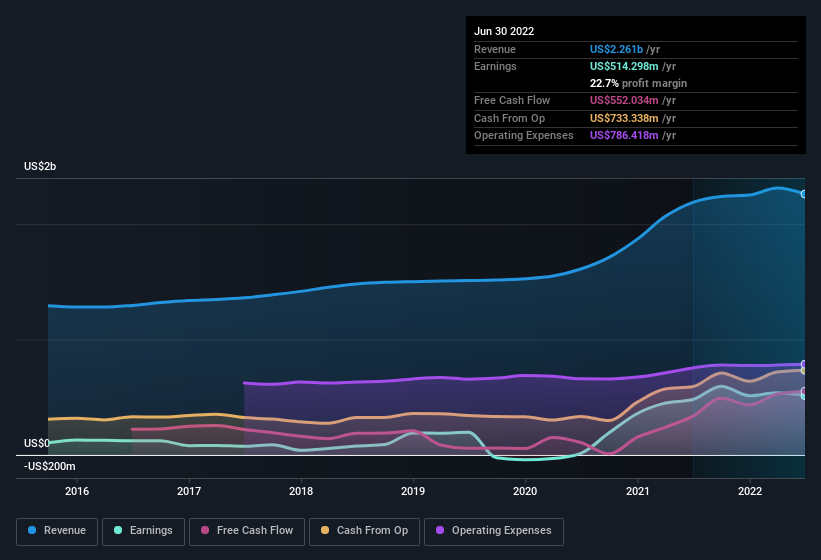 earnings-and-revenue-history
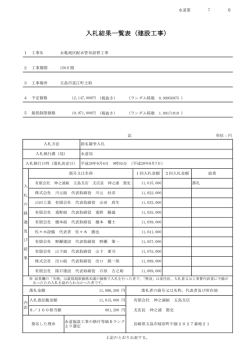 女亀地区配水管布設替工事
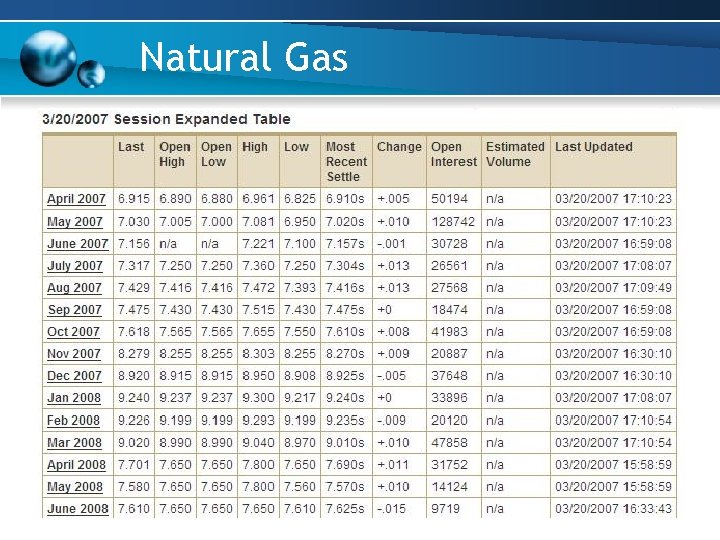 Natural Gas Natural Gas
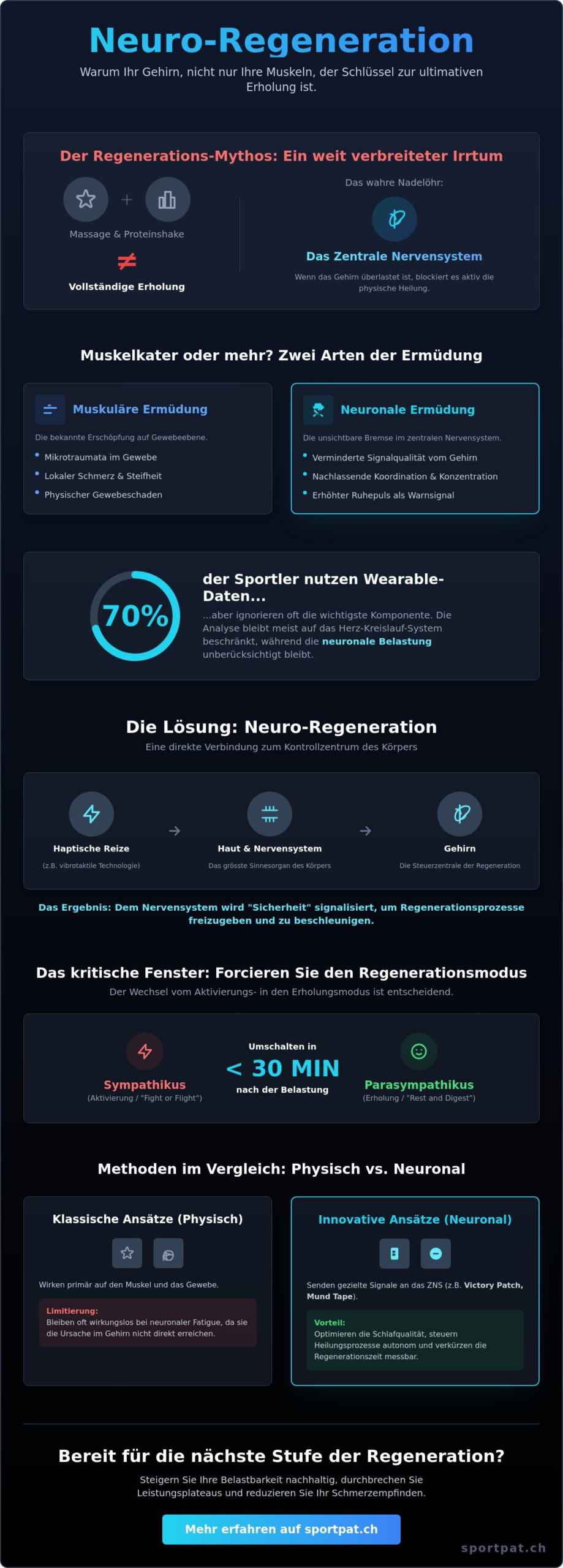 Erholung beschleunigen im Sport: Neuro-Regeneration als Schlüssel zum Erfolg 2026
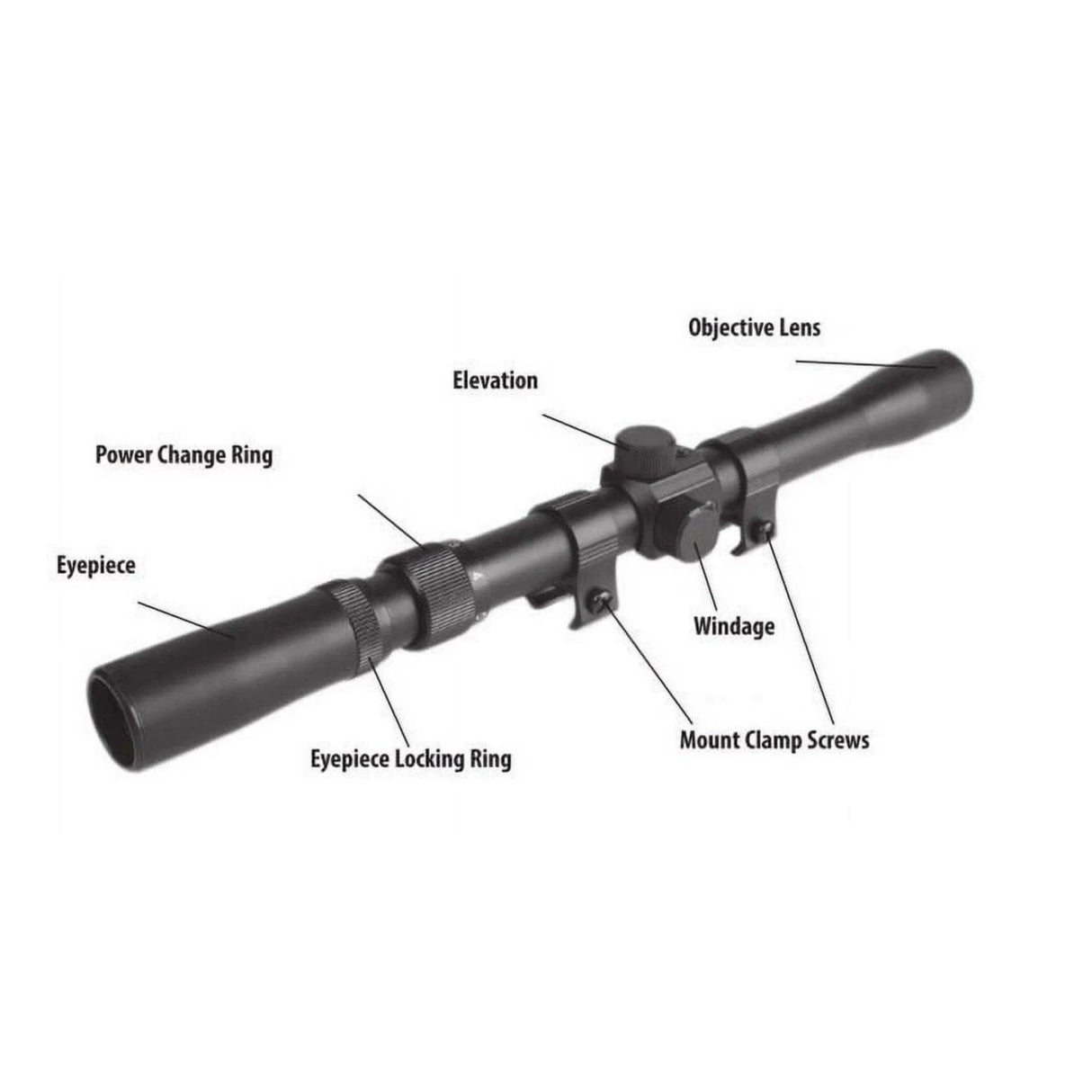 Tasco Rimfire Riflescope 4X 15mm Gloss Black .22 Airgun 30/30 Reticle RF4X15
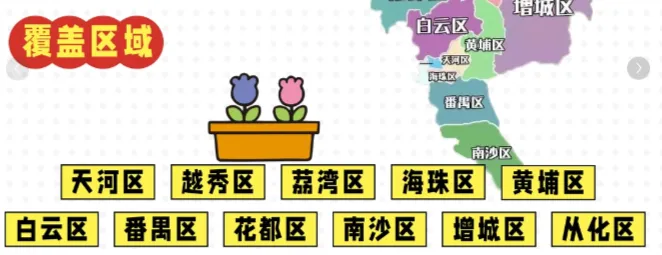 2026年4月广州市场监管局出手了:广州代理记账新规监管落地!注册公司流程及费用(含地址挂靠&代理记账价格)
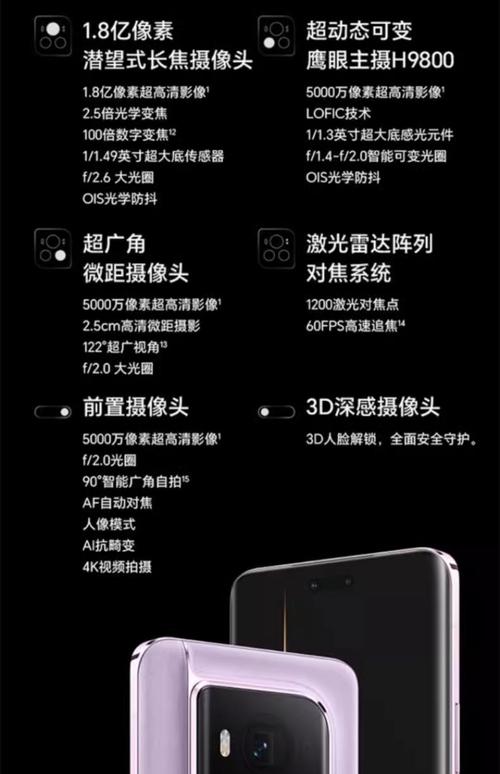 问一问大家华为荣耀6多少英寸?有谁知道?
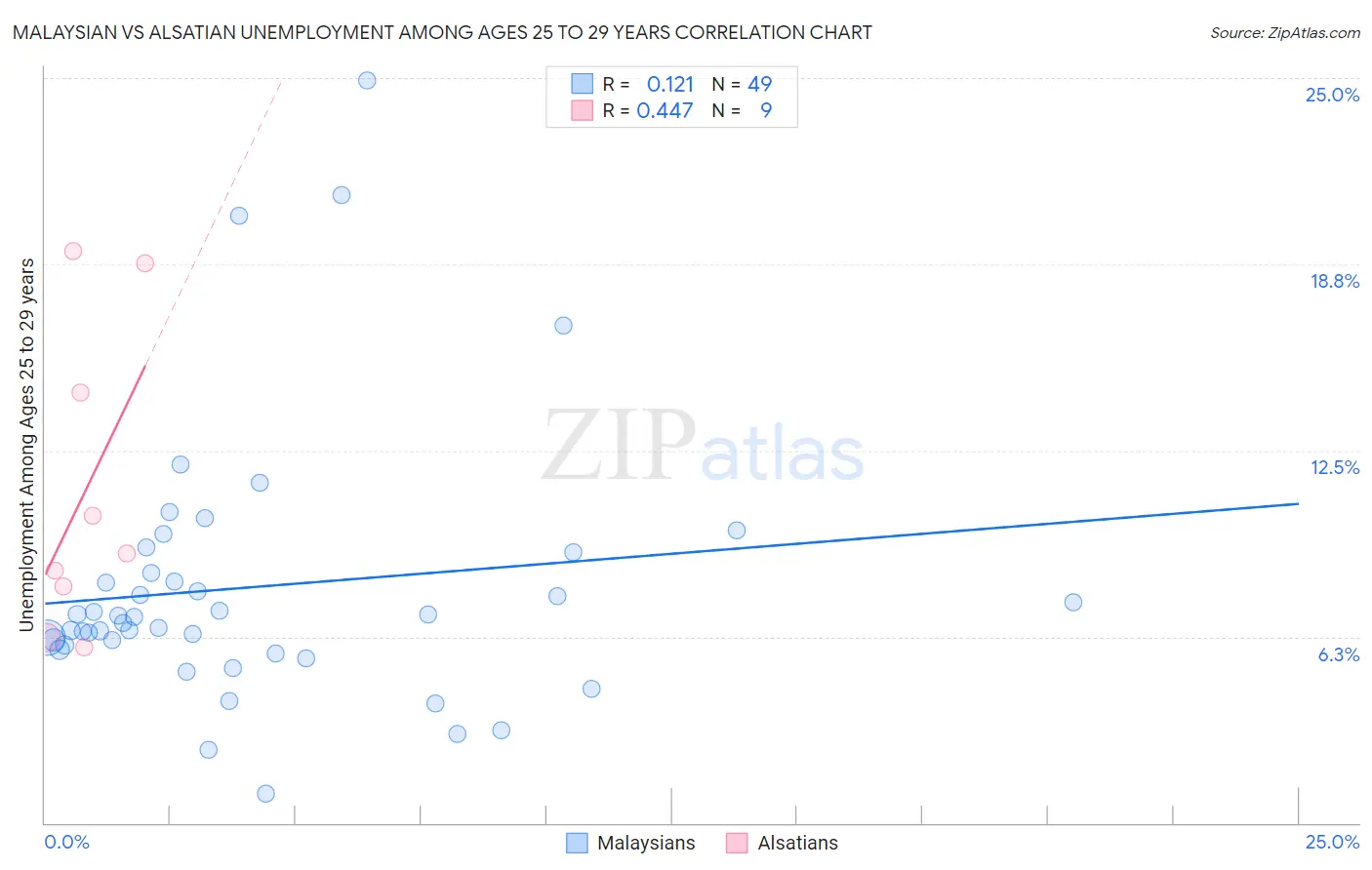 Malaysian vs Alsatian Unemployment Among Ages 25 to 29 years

====

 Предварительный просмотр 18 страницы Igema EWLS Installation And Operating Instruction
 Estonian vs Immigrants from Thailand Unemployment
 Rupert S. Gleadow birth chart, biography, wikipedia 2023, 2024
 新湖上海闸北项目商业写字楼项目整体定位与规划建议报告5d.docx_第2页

====

Go to the line above that contains "问一问大家华为荣耀6多少英寸?有谁知道?" and reproduce everything exactly from there through the line that contains "Malaysian vs Alsatian", leaving out the pictures.

 问一问大家华为荣耀6多少英寸?有谁知道?
 Malaysian vs Alsatian Unemployment Among Ages 25 to 29 years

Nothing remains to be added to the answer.